● **TASK DIRECTIONS**
Repeat the records below exactly from the line containing "Deleting a checklist" to the line containing "Now we move", taking in both of those lines. Drop the pictures.

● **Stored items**
■ ■ ■ ■ ■

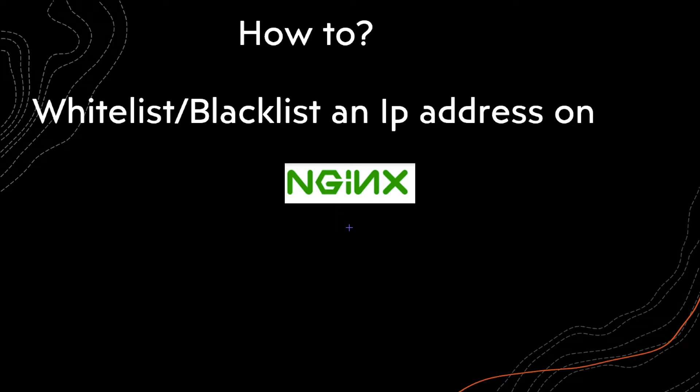Welcome back to Tech Nuggets. In this video I will explain how to whitelist and blacklist IP addresses on NGINX.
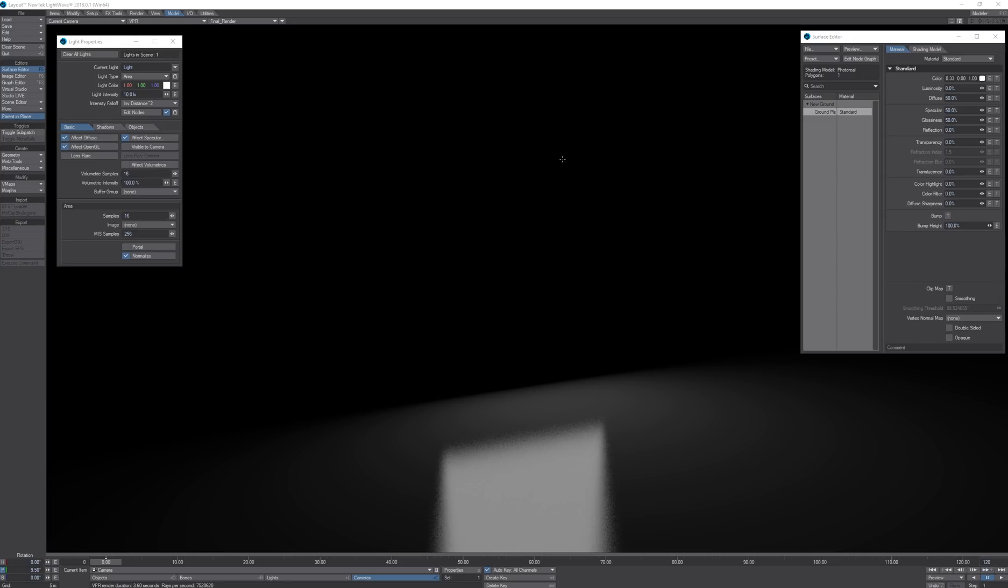In this video we are going to take a more in-depth look at the lighting and volumetric lights in LightRiv 2018. What I have set up here is a ground plane that is 50% diffuse and 50% specular.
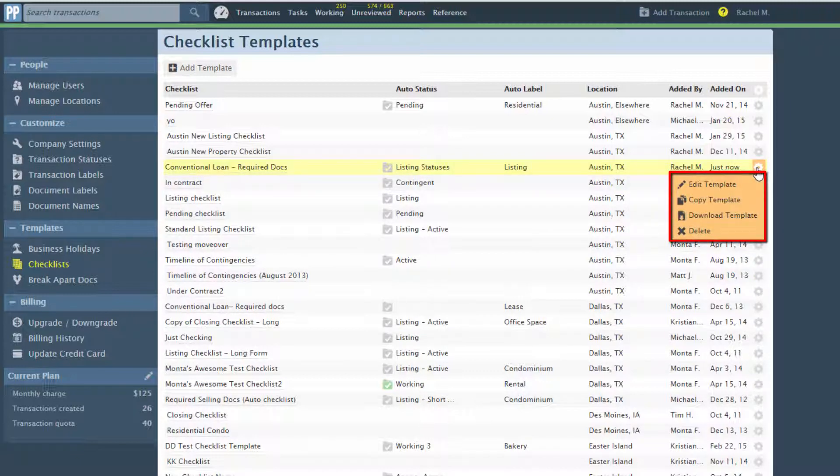Deleting a checklist template doesn't remove it from the transactions where it was previously applied.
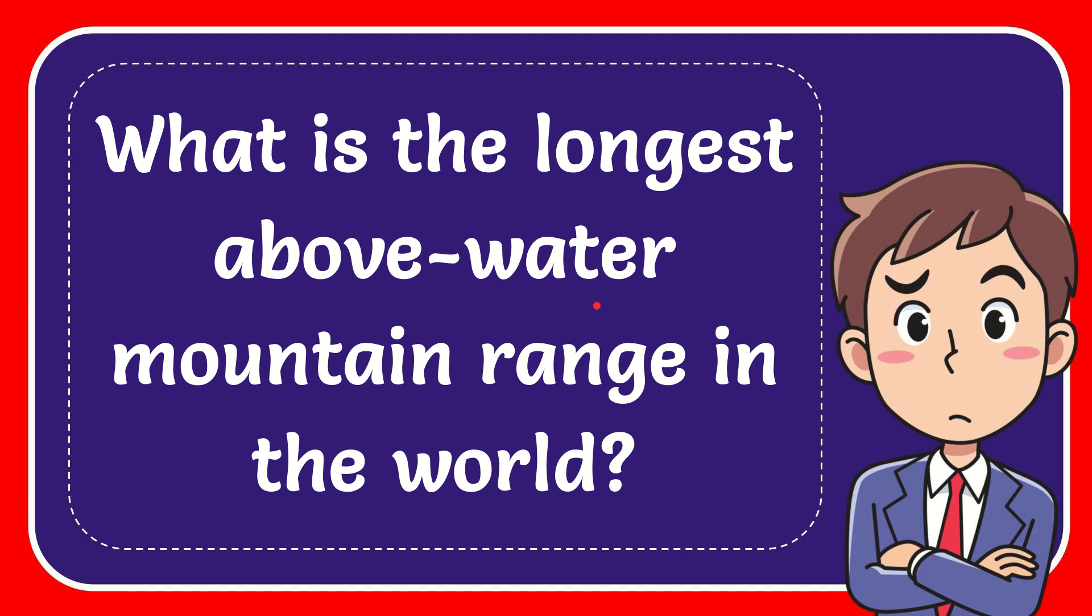In this video, I'm going to give you the answer to this question. The question is, what is the longest above-water mountain range in the world? I'll give the answer to this question.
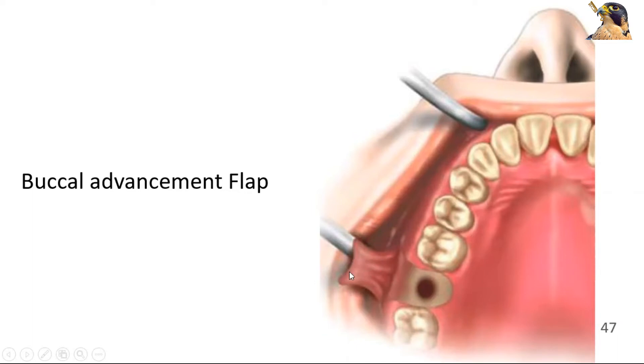When we start this flap, we will advance it and close it. Here are some cases where we will have to make this edge.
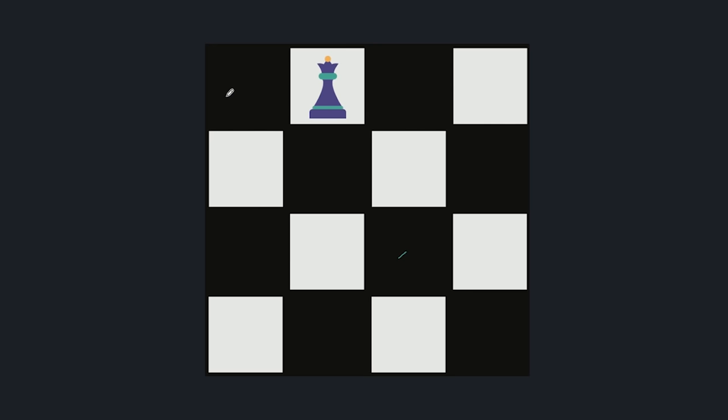Now we move the first queen forward. We place our second queen in the third column. If we look at row 3, we can place a queen there with no diagonal or row attack. Then in row 4 we can also find a valid position. So this gives us our N=4 solution, which is the one I showed you earlier. This is how recursion and backtracking work together.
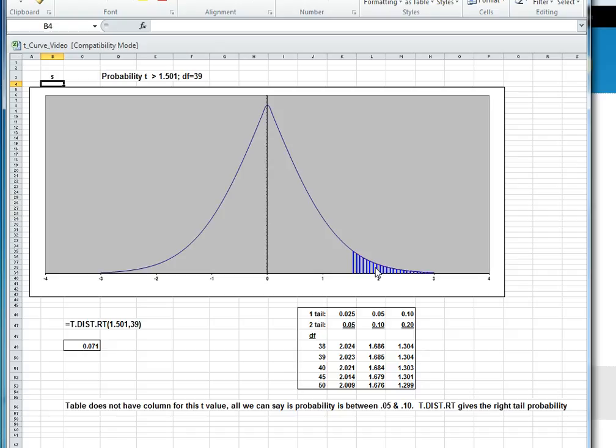Using the table in the back of the book, the logical way to do this is starting with degrees of freedom equals 39, and go across until we find a column whose t value is 1.501. Well, there aren't a lot of columns in the t table, and there is no 1.501. The best we can say is that at a one tail of 5%, the value is 1.685 of t. At 10%, the t is 1.304. The 1.501 is somewhere in between them, and so therefore it's somewhere in between 5 and 10%, but that's really not very precise. So this method is only going to work if your probability happens to be one of those that's in the table.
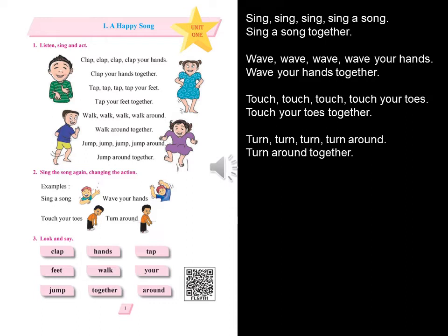Jump, jump, jump, jump around. Jump around together. Activity 2: Sing the song again, changing the action.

■ ■ ■ ■ ■

● **FINISHED TASK**
Deleting a checklist template doesn't remove it from the transactions where it was previously applied.
In this video, I'm going to give you the answer to this question. The question is, what is the longest above-water mountain range in the world? I'll give the answer to this question.
When we start this flap, we will advance it and close it. Here are some cases where we will have to make this edge.
Now we move the first queen forward. We place our second queen in the third column. If we look at row 3, we can place a queen there with no diagonal or row attack. Then in row 4 we can also find a valid position. So this gives us our N=4 solution, which is the one I showed you earlier. This is how recursion and backtracking work together.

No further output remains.